A guy I barely knew picked me up for a meeting because I didn’t have a car. A house manager told me to get up and make my bed even though I’d only slept two hours. A roommate gave me his last cup of instant coffee and said, “Today doesn’t have to be like yesterday.”
These people didn’t owe me anything. And maybe that’s what made it hit harder. There was no angle. They were just people who were once as lost as I was, doing better and wanting the same for me.
They didn’t only show me how to stay sober. They showed me what being a person looked like.
I come from a background where trust wasn’t easy. I knew how to perform, how to get by, how to hustle a system—but vulnerability? Asking for help? That felt foreign.
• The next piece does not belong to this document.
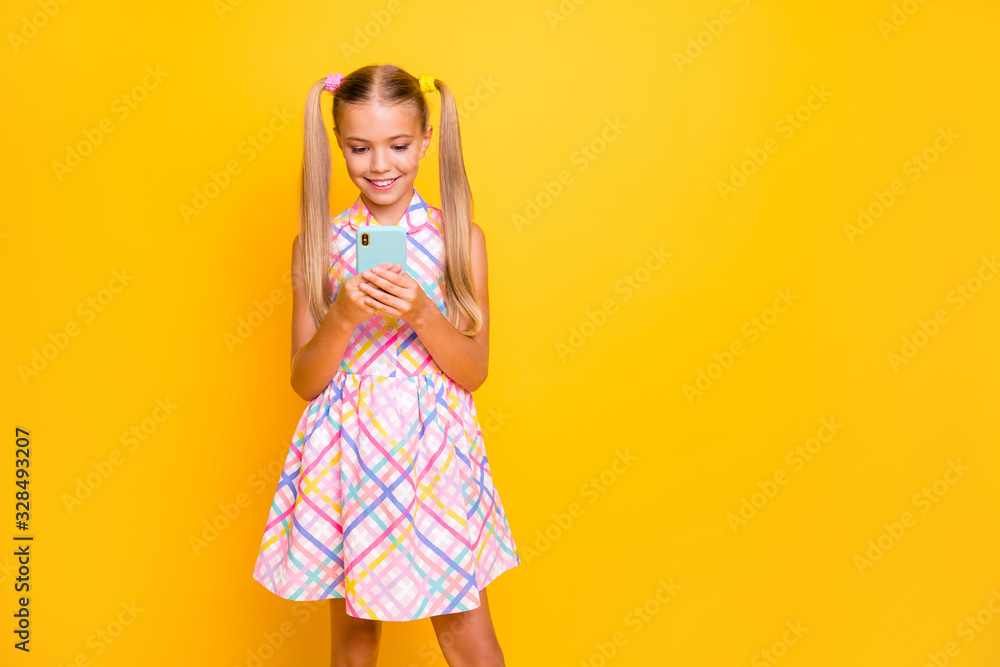 Photo of beautiful small lady hold telephone young influencer write new post for own popular modern blog wear checkered sun dress isolated bright yellow color background Photo of beautiful small lady hold telephone young influencer write new post for own popular modern blog wear checkered sun dress isolated bright yellow color background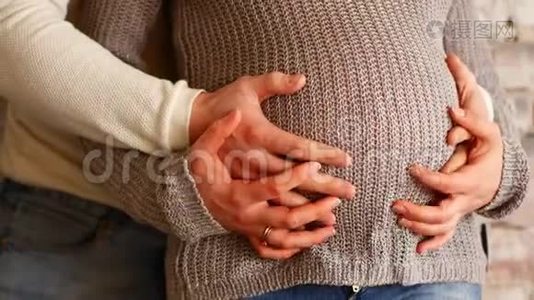 妈妈和爸爸手在怀孕的肚子上显示心脏的迹象。 怀孕夫妇抚摸怀孕的肚子。 准妈妈照顾视频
So when these people—many of them strangers—kept showing up without strings attached, I didn’t know what to do with that. But over time, I started leaning in. Started listening.
I learned that a community isn’t built by finding your people. It’s built by becoming the kind of person other people can lean on.
That took time. It took missteps. It took humility and a whole lot of self-inventory.
But I’ve learned that if you don’t have the kind of community you need—become someone who can help create it.
Not by preaching. Not by pretending to have it all figured out. But by being consistent. Honest. Willing.
There are still things about the recovery system that frustrate me—how people can get lost in the shuffle, how access to care often depends on insurance, how some programs seem to value profit more than people. But the truth is, I’m here today because of the people who made it work anyway.
The people who sat next to me in basements, in detoxes, in beat-up vans headed to early morning jobs. People who didn’t look like me or vote like me or come from where I came from—but who understood what it meant to hurt, to hope, and to want something better.
We don’t heal alone. We’re not supposed to.
That’s not weakness. That’s what makes us human.
If you’re still searching for your people, don’t give up. If you’re learning how to show up for others, keep going. And if you’ve found a little light in your corner of the world—share it. You never know who’s watching, hoping it means there’s something left for them too.